Stion Corporation
- Industry: Solar Energy Manufacturing
- Founded: 2006
- Defunct: 2017
- Website: http://www.stion.com

= Stion =

The Stion Corporation was a solar company based in the United States with headquarters in San Jose, CA and manufacturing in Hattiesburg, MS. Founded in 2006, Stion developed thin-film solar panels. The company was majority backed by Khosla Ventures. Stion also provided turn-key solar systems for end users of electricity through its vertically integrated development arm, Stion Energy Services.

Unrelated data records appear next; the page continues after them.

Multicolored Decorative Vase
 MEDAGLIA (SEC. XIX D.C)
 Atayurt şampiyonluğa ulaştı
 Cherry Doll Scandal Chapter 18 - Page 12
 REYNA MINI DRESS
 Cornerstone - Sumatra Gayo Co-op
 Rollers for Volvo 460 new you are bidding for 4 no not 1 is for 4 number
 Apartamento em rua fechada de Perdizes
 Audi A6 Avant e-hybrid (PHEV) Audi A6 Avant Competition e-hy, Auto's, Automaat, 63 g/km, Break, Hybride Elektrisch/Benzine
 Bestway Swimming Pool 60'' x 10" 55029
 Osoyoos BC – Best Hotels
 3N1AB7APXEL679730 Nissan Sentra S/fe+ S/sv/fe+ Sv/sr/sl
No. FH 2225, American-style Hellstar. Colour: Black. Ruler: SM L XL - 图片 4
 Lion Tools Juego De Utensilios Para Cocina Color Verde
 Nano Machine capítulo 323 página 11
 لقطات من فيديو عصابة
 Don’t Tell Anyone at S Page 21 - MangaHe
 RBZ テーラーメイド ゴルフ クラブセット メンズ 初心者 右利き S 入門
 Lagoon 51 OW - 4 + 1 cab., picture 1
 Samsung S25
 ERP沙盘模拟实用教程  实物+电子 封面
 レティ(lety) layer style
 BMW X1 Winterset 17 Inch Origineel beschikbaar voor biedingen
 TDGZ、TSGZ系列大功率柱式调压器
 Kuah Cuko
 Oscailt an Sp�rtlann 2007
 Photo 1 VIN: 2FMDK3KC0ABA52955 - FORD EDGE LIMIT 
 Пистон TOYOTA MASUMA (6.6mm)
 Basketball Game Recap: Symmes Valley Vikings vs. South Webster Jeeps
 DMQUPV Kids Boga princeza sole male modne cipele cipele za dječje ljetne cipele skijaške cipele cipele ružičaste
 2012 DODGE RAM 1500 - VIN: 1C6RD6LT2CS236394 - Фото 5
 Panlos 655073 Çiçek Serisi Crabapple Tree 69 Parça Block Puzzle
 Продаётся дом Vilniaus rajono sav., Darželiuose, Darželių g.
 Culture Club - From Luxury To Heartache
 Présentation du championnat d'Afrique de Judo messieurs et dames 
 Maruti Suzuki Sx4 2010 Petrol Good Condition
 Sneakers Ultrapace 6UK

The company ceased operations in 2017 citing foreign competition.

== Manufacturing ==
Stion developed thin-film CIGS solar modules manufactured in Hattiesburg, MS. With a capacity of 150 megawatts of annual production the plant was the first thin-film solar solar factory in the Southeast US. Stion began manufacturing in 2011. Stion panels were manufactured using glass on glass and a monolithically integrated solar cell. Stion produced both framed and frameless modules which had been used for residential, commercial, utility and off-grid applications.

==Dissolution==
In 2017 Stion confirmed reports that it would be discontinuing operations. The company blamed "intense, non-market competition from foreign solar panel manufacturers, especially those based in China and proxy countries" for its cessation of operations. Stion announced that it would it would close its Hattiesburg, MS plant on December 13, 2017, laying off 137 employees in the process. By 2020 the Stion company was being referred to as "defunct" In this year the State of Mississippi settled a case against the vestiges of Stion for $2.5 million, after the state's Development Authority had earlier lent the company $75 million which had not been repaid.